Fast forward to last fall, 2014: Edelman suffered a months-long PR crisis—the last thing a PR firm wants—over its representation of API and other climate science denial organizations. Edelman's chairman, Richard Edelman, hastily put out a statement affirming his company's commitment to climate change.

Mr. Edelman was personally urging the press that he cared about the issue, and fired a top executive who was uncooperative with the Climate Investigations Center, which was surveying PR firms on their climate change policies. It was awkward.

The mess was intensified by another round of documents showing Edelman was helping TransCanada—the operator of the proposed Keystone XL tar sands pipeline—with campaign planning to subvert local activism in Canada against TransCanada's Energy East pipeline. After the plan was leaked, TransCanada dumped Edelman.

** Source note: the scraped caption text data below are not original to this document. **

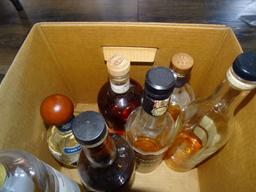 MISC. COLLECTOR BOTTLES OF LIQUOR.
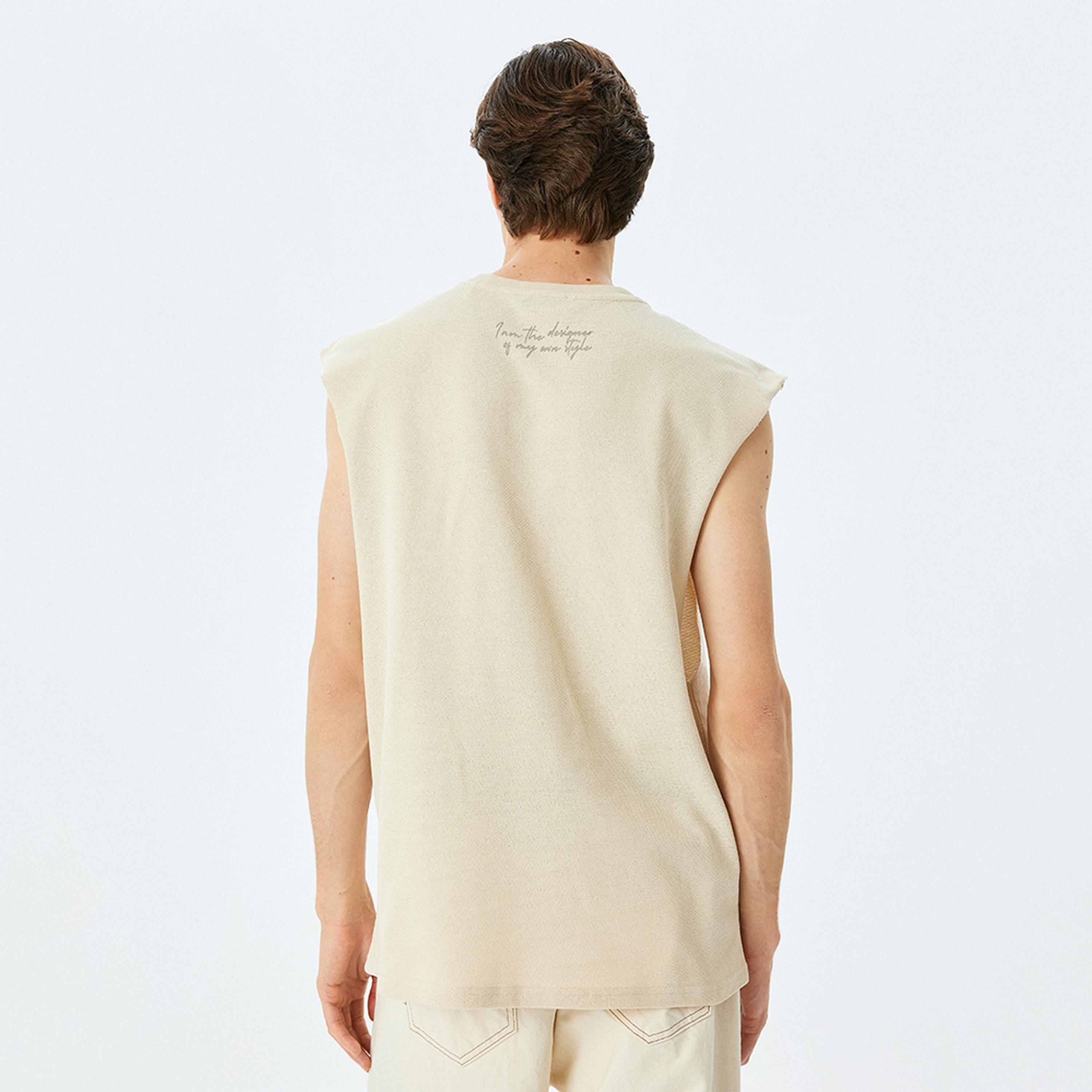 KOTON Plain Crew Neck Sleeveless Men's T-Shirt-men-clothing-tshirtsandpolos-tshirts-image-4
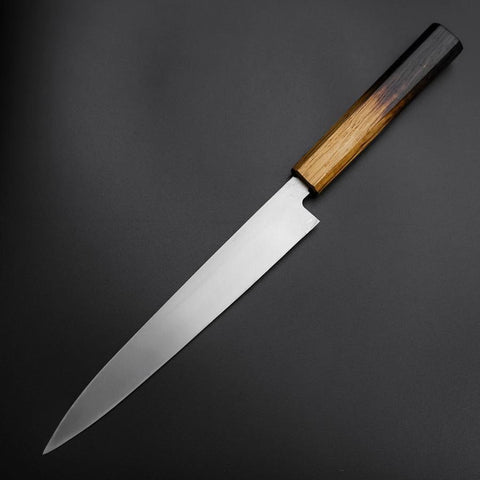 Yanagiba Silver Steel #3 Kasumi Yaki Urushi Handle 205mm (8.1”)-[Musashi]-[Japanese-Kitchen-Knives]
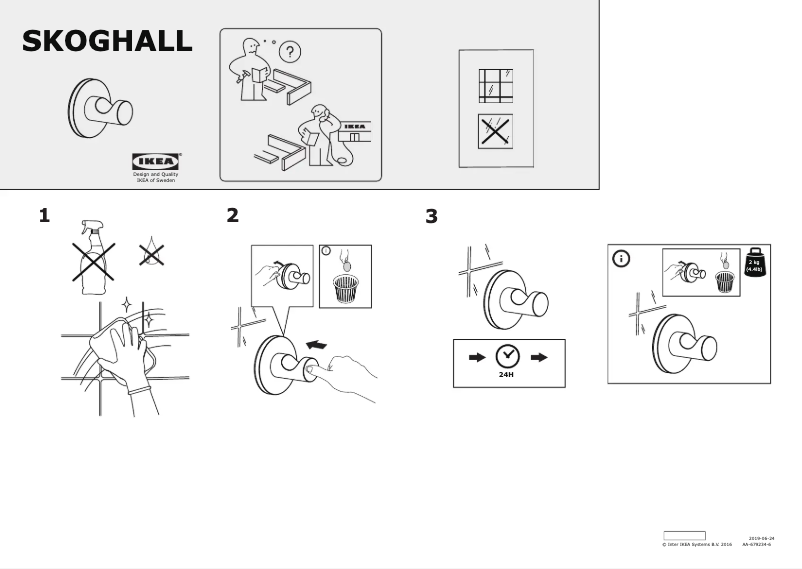 Imagen de la primera página del manual del dispositivo SKOGHALL 605.792.29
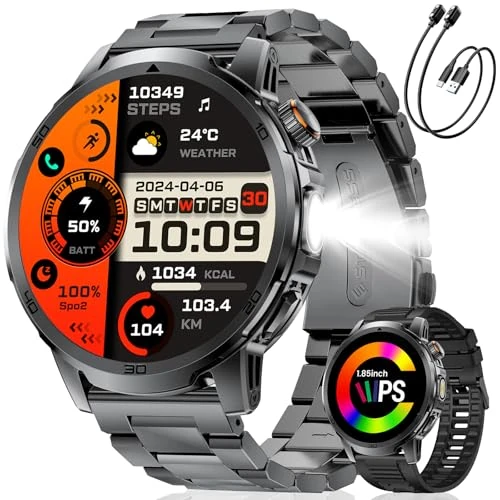 Offre limitée : Montre Connectée Homme 1000mAh 1.85" HD Écran BT Appel 110+ Sports Lumière de 69.99 € à 60.01 € (14% de remise)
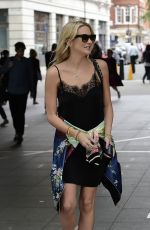 STEPHANIE PRATT Leaves BBC Radio1 Studios in London 08/04/2016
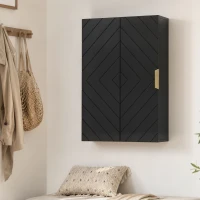 kleankin Armario mural para baño, armario botiquín mural, mueble de almacenamiento con estante ajustable(m-5)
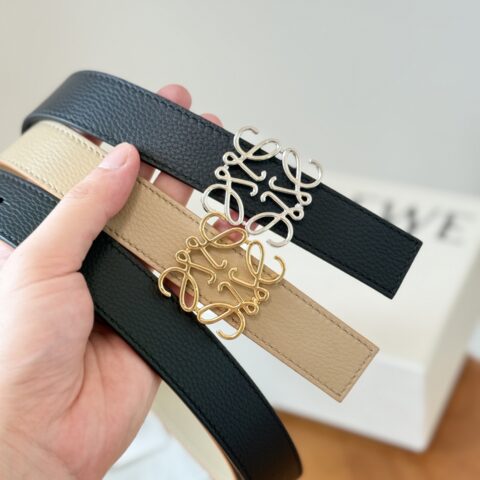 LOEWE 罗意威 Anagram 牛皮革双面腰带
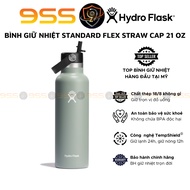 Hydro Flask 21 OZ Standard Flex Straw Cap Thermos Flask, With Swivel Cap - Genuine Product (Season 2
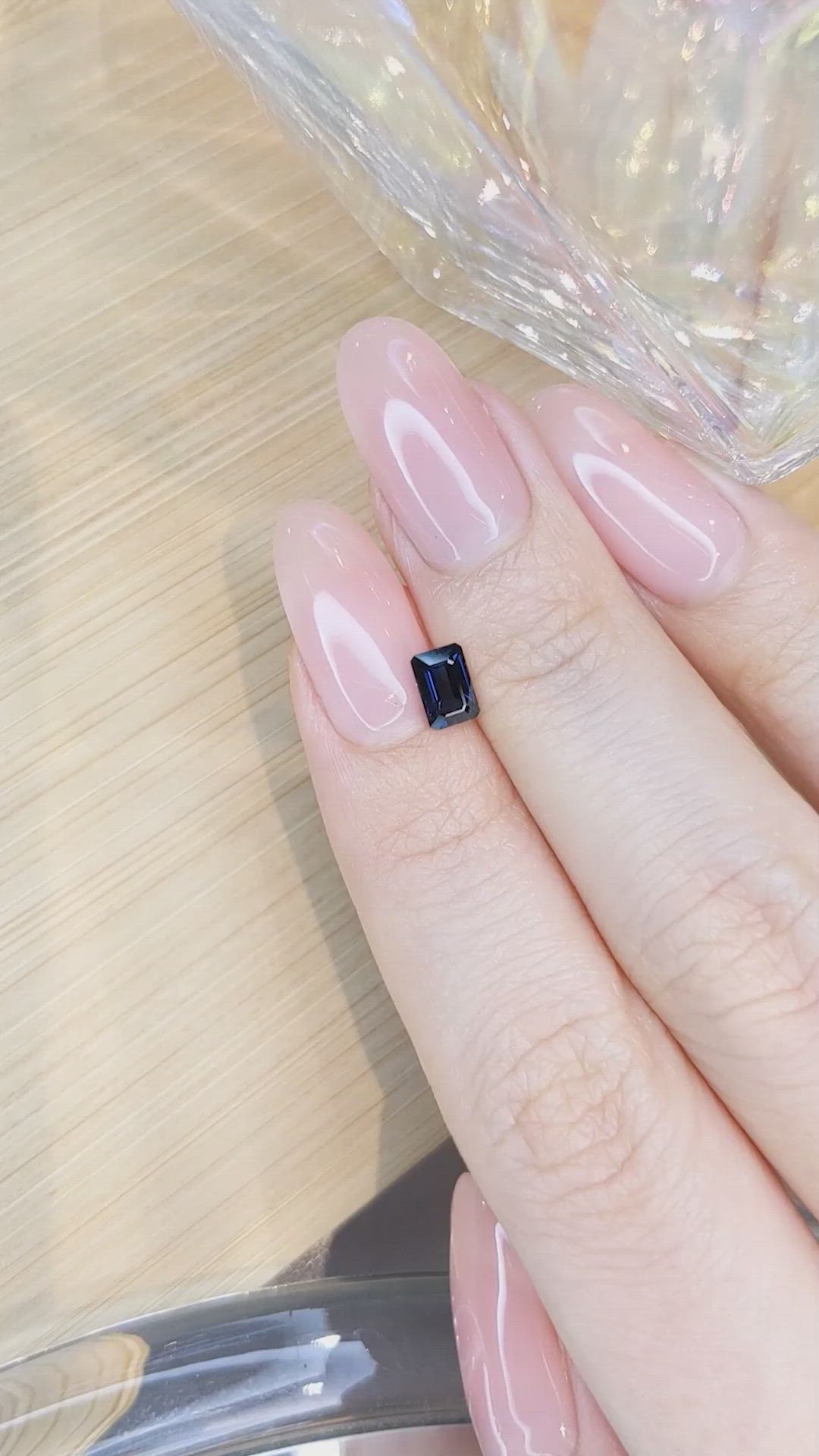 0.73 Ct. Blue Sapphire from Ceylon (Sri Lanka) Size Video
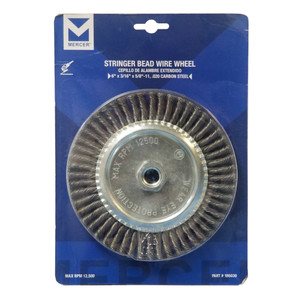 6" X 5/8"-11 Carbon Steel Knotted Wire Wheel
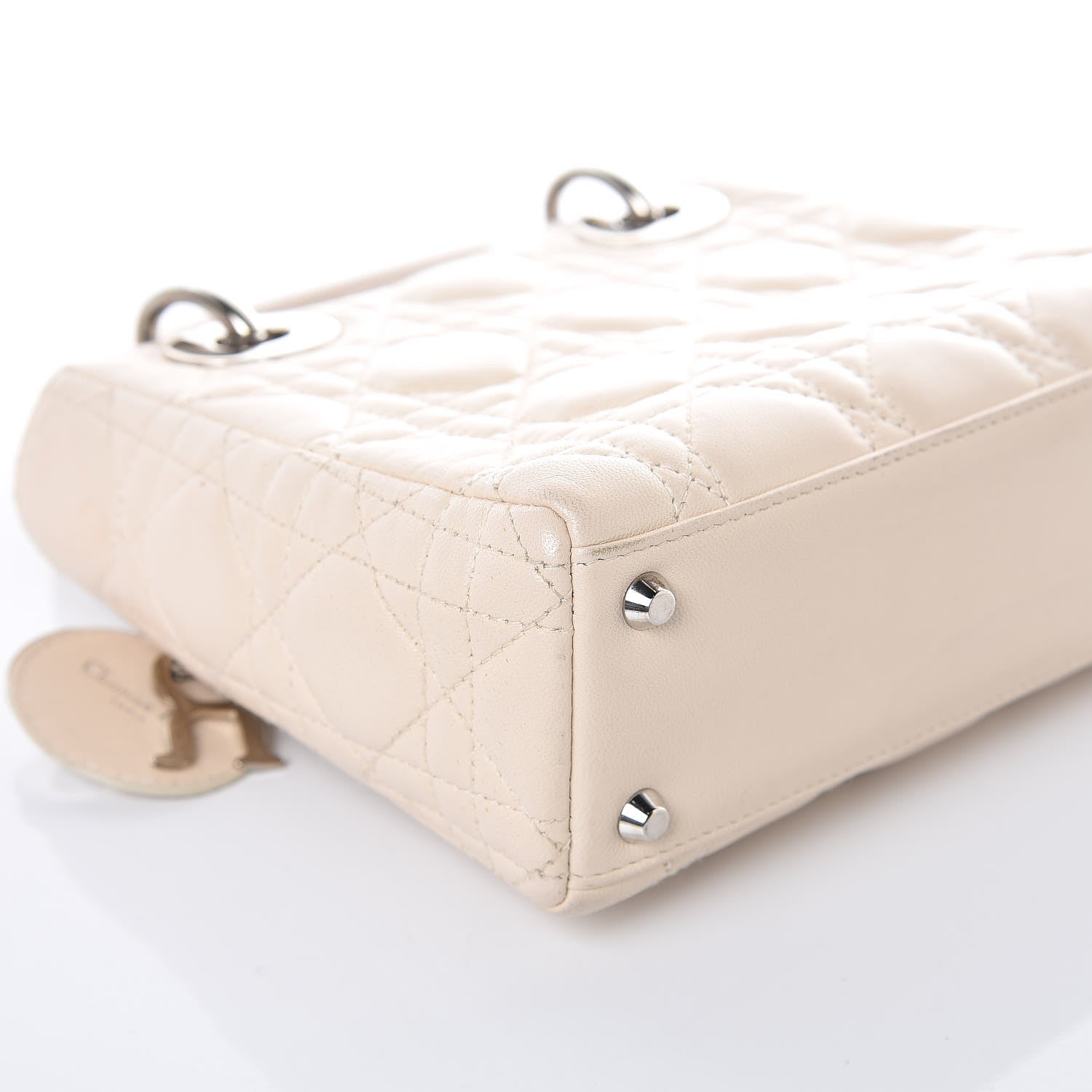 Christian Dior Lambskin Cannage Mini Lady Dior Light Beige 11 of 20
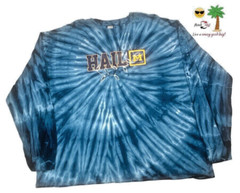Gildan U of M HAIL Michigan Wolverines Men’s Long Sleeve Tye Dye T-Shirt Sz 3XL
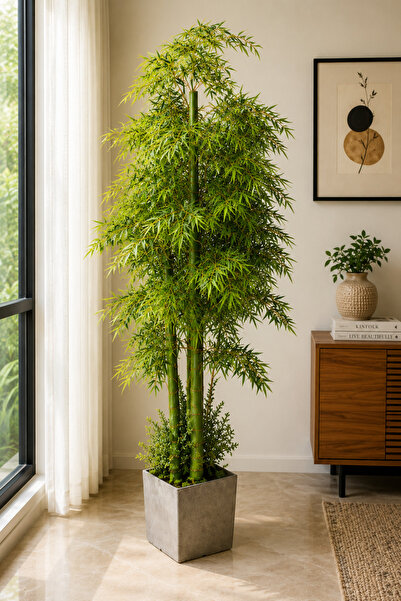 Generic Artificial Yellow Green Bamboo 2.6m High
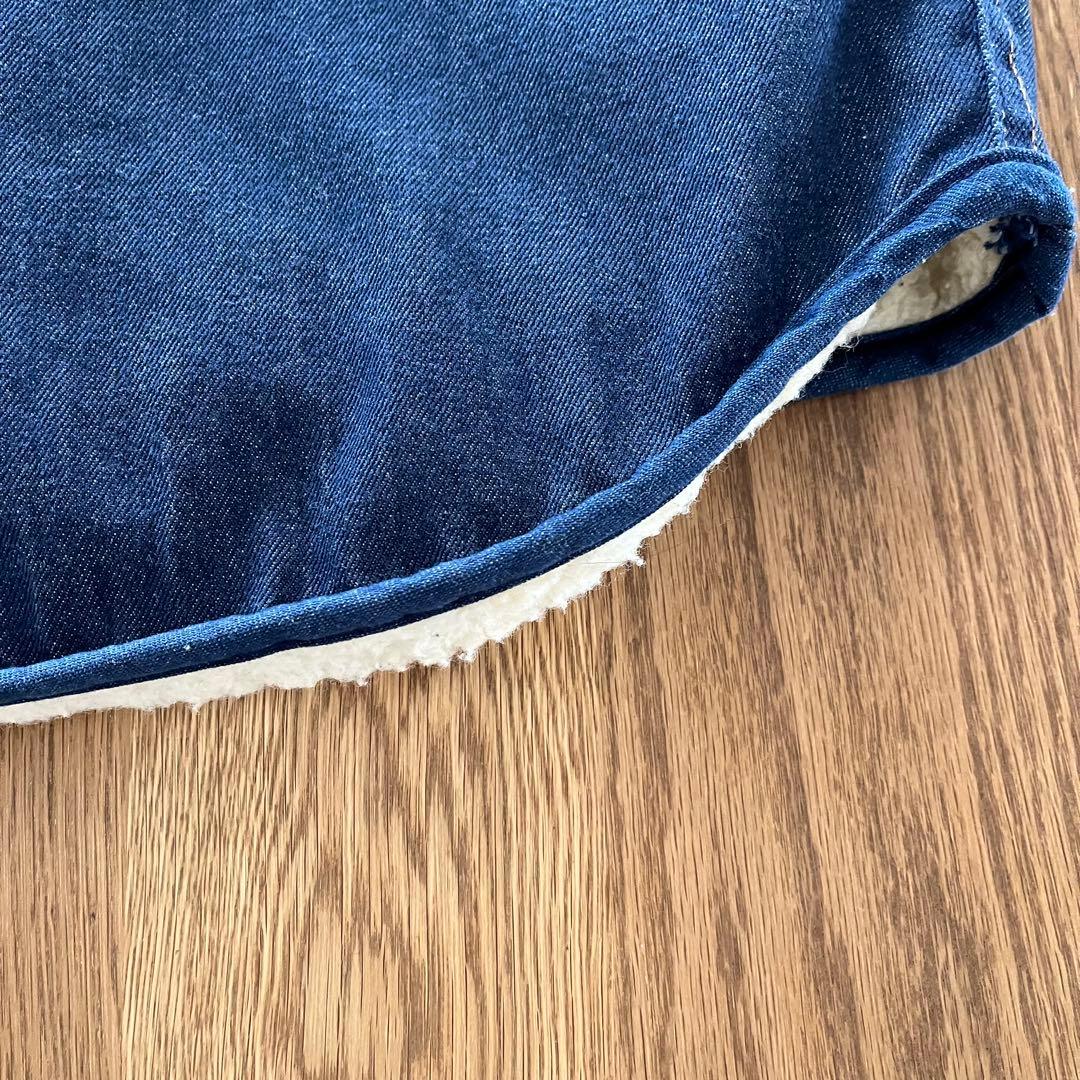 T/B Carhartt 裏ボア デニムベスト サイズL ヴィンテージ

It seems that Big Oil is starting to be a Big Headache for Big PR. Of course, there are still plenty of public relations firms with little to no moral standard out there, unrecognized by the public, for Big Oil to pay for dirty PR.

But for the world's largest firm to take some meaningful steps to throw in the towel on climate denial indicates a precedent for an industry that most activists wouldn't have bothered to spend time trying to change.

And it's a good thing, because climate scientists aren't getting any less distressed about our changed climate. The U.S. National Academy of Sciences is getting desperate enough to officially call for "unproven technology" in attempts to mitigate the crisis. Despite the weight of the crisis, which is just getting started, coal companies, oil companies, the Koch brothers and their legion of front groups are creating layers of red tape to block the U.S. Environmental Protection Agency's Clean Power Plan, the first regulation of carbon emissions from existing power plants.

Perhaps there's a slick PR firm out there willing to make right of its past and do something productive for the climate, and all of us who rely upon it.

Edelman: you're up. Show us you mean it this time.